FRC | Tier 2 and Tier 3 Audit Firms | Audit Quality Inspection and Supervision 2023/24
3. Tier 2 and Tier 3 Inspection results: firms' SoQM (continued)
SoQM key inspection findings
We identified key inspection findings in the following areas in our inspections this year:
ISQM (UK) 1 annual evaluation process
ISQM (UK) 1 requires that the individual(s) assigned ultimate responsibility and accountability for the SoQM shall evaluate the SoQM every year. The latest date on which the first annual evaluation could be completed was 15 December 2023.
We identified the following inspection findings at the two firms inspected in relation to the annual evaluation completed:
- Insufficient monitoring performed to support the conclusions in the annual evaluation, including a lack of evidence of how certain monitoring that had been performed on individual responses was considered.
- Insufficient evidence that all relevant sources of information had been appropriately considered in the annual evaluation.
- Insufficient evidence of how the severity and pervasiveness of deficiencies had been assessed.
ISQM (UK) 1 monitoring
ISQM (UK) 1 requires firms to establish a monitoring and remediation process to provide relevant, reliable and timely information about the design, implementation and operation of the SoQM.
We identified the following inspection findings at the two firms inspected in relation to the monitoring performed:
- A lack of evidence to demonstrate that the firm had implemented and completed adequate monitoring processes for the year covered by the annual evaluation.
- An absence of monitoring activities for certain responses to quality risks.
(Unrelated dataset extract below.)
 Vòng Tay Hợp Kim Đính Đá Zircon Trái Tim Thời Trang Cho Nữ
- A lack of sufficient detail in planned monitoring activities to test the implementation and operation of responses to quality risks.
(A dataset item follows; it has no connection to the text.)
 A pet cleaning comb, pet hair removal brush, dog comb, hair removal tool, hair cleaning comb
In addition, we identified inspection findings across both firms inspected in the design assessments of responses to quality risks. These included examples where assessments or parts of the assessments were not completed in a sufficiently timely manner, adequately documented, or did not clearly demonstrate how the responses addressed the quality risks identified.
Other key findings
We also identified other key inspection findings in the following areas, many of which are consistent with our reported findings at other Tier 2 and Tier 3 firms in previous inspection cycles:
- Acceptance and continuance procedures: Weaknesses in the timeliness or evidencing of considerations in acceptance and continuance assessments performed for audit engagements, or a lack of appropriate approvals.
FRC | Tier 2 and Tier 3 Audit Firms | Audit Quality Inspection and Supervision 2023/24
3. Tier 2 and Tier 3 Inspection results: firms' SoQM (continued)
- Ethics and independence: Weaknesses in the timeliness and monitoring of annual returns, the monitoring of prohibited investments and other areas, and root cause analysis for ethics breaches.
- Partner and staff appraisals: A lack of a clear linkage between audit quality and reward for partners and / or staff, and weaknesses in the consideration of audit quality in individual appraisals.
- Partner portfolio management: Insufficient monitoring of partner and / or staff portfolios to ensure that partners have manageable workloads, engagements are appropriately resourced and that portfolios are aligned to skills and experience and contain an appropriate balance of risk.
- Assessment of service providers: No evaluation performed (a requirement under ISQM (UK) 1) for certain key service providers.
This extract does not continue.